Anders dan de film Amadeus ons doet geloven, werd het Requiem niet afgemaakt door de op één na beste componist van Wenen (Salieri), maar door de leerlingen van Mozart, voornamelijk door zijn leerling Franz Xavier Süssmayr. Helaas was Süssmayr een beginneling – in de partijen die hij geschreven heeft, hoor je vaak goed dat hier een mindere god aan het werk is.
Door de jaren heen zijn er veel componisten opgestaan om een voltooiing van het Requiem te produceren die iets dichter ligt bij wat een ervaren Weense klassieke componist had kunnen maken – wellicht niet zo goed als Mozart, maar toch van hogere kwaliteit. Er zijn hierbij verschillende stromingen. Sommigen verwijzen alles wat niet door Mozart zelf is geschreven direct naar de prullenbak, waardoor een uitgeklede versie van het Requiem overblijft. Anderen grijpen de voltooiing juist aan om er veel nieuwe muziek aan toe te voegen.

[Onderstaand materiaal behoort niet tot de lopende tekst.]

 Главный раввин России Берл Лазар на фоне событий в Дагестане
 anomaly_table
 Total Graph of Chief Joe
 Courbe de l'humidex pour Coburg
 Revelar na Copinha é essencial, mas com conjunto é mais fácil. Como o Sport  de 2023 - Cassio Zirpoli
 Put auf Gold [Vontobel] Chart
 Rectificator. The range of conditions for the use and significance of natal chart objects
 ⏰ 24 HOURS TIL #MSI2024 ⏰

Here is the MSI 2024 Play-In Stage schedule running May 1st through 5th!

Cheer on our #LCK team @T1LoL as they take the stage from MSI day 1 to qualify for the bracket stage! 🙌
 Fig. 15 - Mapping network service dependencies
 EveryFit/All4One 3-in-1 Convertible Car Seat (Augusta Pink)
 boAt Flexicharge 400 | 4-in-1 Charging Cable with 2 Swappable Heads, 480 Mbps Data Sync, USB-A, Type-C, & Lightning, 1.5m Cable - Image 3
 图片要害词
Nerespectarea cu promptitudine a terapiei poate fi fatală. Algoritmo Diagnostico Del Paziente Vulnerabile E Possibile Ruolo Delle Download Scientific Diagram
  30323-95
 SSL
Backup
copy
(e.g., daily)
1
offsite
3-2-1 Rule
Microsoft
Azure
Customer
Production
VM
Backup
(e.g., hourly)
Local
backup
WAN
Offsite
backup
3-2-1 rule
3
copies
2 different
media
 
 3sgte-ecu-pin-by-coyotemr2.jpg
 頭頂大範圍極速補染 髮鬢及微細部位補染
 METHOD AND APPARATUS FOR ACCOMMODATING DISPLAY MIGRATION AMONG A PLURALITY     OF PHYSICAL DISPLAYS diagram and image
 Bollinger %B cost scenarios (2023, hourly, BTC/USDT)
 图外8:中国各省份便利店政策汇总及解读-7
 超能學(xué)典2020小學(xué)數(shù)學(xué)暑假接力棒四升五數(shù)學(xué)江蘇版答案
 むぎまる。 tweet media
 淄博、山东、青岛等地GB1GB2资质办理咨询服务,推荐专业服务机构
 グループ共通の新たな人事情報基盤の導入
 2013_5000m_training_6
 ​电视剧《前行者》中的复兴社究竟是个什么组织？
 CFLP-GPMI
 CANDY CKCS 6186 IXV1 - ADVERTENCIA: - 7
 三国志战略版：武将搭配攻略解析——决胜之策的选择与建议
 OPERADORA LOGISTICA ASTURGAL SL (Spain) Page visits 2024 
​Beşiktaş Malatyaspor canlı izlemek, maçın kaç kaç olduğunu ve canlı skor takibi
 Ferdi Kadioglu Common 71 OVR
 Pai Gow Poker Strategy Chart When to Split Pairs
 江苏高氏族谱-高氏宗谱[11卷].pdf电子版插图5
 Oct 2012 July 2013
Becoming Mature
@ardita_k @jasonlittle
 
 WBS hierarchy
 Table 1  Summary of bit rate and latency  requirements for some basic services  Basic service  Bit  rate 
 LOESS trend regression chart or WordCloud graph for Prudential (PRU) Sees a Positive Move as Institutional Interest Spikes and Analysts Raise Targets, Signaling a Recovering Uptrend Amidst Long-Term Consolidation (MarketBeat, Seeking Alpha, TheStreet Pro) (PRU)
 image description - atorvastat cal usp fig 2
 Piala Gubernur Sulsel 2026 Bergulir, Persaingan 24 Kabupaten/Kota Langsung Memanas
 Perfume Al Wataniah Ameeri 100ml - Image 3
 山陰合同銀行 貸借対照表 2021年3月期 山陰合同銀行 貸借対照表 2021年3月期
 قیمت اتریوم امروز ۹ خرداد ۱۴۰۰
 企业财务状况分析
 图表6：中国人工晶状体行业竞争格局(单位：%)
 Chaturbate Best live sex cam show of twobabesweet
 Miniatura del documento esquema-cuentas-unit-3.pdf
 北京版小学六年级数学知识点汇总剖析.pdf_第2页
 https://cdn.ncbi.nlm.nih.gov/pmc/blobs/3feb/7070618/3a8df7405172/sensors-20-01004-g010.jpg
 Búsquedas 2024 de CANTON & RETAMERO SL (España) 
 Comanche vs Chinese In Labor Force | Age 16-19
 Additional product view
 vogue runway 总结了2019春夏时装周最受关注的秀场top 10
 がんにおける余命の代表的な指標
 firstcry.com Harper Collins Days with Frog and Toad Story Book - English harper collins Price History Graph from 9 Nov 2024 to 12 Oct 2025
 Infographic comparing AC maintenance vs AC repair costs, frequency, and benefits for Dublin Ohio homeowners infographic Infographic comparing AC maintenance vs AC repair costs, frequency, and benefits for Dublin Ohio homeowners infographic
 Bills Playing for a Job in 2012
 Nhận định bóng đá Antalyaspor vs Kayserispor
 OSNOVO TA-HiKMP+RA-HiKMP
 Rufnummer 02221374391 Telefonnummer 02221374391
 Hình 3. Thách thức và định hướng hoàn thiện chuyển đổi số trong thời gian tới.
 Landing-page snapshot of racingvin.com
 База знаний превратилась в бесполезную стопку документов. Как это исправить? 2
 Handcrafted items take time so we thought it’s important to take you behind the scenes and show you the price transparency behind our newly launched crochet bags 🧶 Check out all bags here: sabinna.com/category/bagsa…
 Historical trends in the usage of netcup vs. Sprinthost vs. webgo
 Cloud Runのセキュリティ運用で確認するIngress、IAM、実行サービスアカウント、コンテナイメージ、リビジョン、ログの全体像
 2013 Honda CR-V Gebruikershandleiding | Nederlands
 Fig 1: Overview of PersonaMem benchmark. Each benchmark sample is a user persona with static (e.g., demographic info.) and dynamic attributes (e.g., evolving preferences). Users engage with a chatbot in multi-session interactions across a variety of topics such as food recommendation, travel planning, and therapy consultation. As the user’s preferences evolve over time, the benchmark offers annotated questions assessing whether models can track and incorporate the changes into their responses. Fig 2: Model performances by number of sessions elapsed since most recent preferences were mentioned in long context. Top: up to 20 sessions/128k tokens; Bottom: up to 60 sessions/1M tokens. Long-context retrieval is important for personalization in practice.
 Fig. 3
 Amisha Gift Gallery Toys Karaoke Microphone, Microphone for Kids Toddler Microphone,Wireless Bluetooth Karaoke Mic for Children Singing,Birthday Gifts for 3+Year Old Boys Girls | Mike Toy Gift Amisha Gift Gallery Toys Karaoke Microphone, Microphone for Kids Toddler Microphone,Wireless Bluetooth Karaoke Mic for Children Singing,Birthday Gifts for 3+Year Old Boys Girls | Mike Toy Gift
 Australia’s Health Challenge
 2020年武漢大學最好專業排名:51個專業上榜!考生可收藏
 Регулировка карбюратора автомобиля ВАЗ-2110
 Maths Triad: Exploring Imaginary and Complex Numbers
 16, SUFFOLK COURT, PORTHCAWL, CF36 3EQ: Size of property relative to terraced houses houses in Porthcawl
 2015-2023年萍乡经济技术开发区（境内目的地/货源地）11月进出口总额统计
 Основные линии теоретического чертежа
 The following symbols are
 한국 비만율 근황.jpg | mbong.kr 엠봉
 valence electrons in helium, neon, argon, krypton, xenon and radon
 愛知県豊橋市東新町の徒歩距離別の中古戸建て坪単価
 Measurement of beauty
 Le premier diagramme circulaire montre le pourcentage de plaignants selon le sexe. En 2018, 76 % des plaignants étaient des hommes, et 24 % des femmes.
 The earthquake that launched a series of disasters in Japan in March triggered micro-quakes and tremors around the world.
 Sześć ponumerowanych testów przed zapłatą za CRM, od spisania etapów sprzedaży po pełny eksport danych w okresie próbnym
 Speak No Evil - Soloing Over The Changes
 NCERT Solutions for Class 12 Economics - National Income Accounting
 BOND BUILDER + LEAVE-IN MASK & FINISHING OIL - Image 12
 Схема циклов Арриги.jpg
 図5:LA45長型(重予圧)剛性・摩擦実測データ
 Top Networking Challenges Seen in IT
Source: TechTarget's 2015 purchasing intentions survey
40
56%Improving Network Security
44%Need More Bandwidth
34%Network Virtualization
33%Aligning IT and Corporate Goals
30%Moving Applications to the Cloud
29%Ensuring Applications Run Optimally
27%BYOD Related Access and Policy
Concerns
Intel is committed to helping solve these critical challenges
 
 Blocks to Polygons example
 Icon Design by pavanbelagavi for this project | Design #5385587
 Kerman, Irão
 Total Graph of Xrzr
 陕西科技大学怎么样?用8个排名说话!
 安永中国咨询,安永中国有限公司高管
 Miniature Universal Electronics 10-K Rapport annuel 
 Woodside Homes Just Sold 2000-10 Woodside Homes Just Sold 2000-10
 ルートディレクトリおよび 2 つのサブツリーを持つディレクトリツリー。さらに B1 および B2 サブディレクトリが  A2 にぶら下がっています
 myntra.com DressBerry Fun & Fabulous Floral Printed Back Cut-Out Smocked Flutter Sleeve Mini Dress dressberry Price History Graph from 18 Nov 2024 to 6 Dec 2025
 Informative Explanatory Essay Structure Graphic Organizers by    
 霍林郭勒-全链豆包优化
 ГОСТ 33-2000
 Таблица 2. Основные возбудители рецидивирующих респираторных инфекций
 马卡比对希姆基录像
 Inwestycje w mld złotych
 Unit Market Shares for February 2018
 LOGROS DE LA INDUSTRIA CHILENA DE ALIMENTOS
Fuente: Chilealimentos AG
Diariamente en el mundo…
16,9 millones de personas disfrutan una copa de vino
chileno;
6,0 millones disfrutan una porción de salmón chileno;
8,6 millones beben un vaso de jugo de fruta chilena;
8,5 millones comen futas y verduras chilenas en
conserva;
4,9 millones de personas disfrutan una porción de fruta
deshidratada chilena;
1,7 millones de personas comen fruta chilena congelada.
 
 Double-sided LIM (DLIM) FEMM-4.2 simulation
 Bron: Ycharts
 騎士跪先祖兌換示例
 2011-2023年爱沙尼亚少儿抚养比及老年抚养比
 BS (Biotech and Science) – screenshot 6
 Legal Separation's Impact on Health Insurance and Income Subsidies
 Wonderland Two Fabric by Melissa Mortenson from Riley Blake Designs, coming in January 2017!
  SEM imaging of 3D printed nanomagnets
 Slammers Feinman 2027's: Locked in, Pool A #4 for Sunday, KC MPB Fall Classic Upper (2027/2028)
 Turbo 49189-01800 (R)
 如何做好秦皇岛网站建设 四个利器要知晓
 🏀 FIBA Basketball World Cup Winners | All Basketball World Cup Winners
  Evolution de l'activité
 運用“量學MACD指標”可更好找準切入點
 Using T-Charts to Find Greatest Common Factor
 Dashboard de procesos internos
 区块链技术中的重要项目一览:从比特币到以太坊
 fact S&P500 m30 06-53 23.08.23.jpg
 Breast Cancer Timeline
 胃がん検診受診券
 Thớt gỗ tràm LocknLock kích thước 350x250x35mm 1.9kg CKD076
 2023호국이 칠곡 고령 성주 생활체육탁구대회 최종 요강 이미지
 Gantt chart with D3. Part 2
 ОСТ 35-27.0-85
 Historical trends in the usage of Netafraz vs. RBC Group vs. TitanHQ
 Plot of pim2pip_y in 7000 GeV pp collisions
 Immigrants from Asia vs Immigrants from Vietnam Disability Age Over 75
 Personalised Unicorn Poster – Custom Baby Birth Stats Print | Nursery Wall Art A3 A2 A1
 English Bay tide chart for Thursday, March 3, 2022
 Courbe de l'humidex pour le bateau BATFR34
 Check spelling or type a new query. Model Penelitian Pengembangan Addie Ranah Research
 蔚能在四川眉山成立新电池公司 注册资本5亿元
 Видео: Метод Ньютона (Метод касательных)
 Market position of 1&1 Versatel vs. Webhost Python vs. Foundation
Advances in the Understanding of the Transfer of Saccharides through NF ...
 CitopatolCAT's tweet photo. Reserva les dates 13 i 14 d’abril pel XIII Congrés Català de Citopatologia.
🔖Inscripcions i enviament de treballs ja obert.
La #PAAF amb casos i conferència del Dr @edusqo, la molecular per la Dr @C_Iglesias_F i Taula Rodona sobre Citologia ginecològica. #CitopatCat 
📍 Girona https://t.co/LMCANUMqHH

CMT buigt zich over de versie van Robert Levin. Robert Levin (VS, 1947) is concertpianist, musicoloog, componist en Professor of Music aan Harvard University. Hij componeerde onder andere werken voor klarinet, piano en fagot en heeft meerdere achttiende-eeuwse stukken gereconstrueerd en voltooid, waaronder in 1991 het Requiem van Mozart, maar ook de Grote Mis in C van Mozart en enkele cantates van J.S. Bach.
Het Requiem voltooid door Levin behoudt het algemene idee van Süssmayr waar mogelijk, om het publiek ook niet te veel af te schrikken, maar vervangt diens mindere passages waar nodig. In de door Levin voltooide delen merk je als uitvoerende direct dat de partijen fijner om te zingen en te spelen zijn en dat het geheel zowaar ‘Mozart-achtiger’ klinkt. En het leuke is: hoe verder we komen in het stuk, hoe minder Mozart zelf heeft geschreven, dus hoe meer ruimte voor verbetering er is!
Een paar hoogtepunten.
- Lacrimosa met nieuwe(!) Amen-fuga. Mozarts schetsen voor deze fuga werden pas in de jaren 60 teruggevonden. Volgens Levin hoort deze fuga duidelijk in het Requiem thuis, omdat het thema een omdraaiing is van het thema van het openingsdeel.
- Nieuwe versie van het Osanna. De door Süssmayr geschreven versie is ongewoon kort voor een fuga uit deze periode.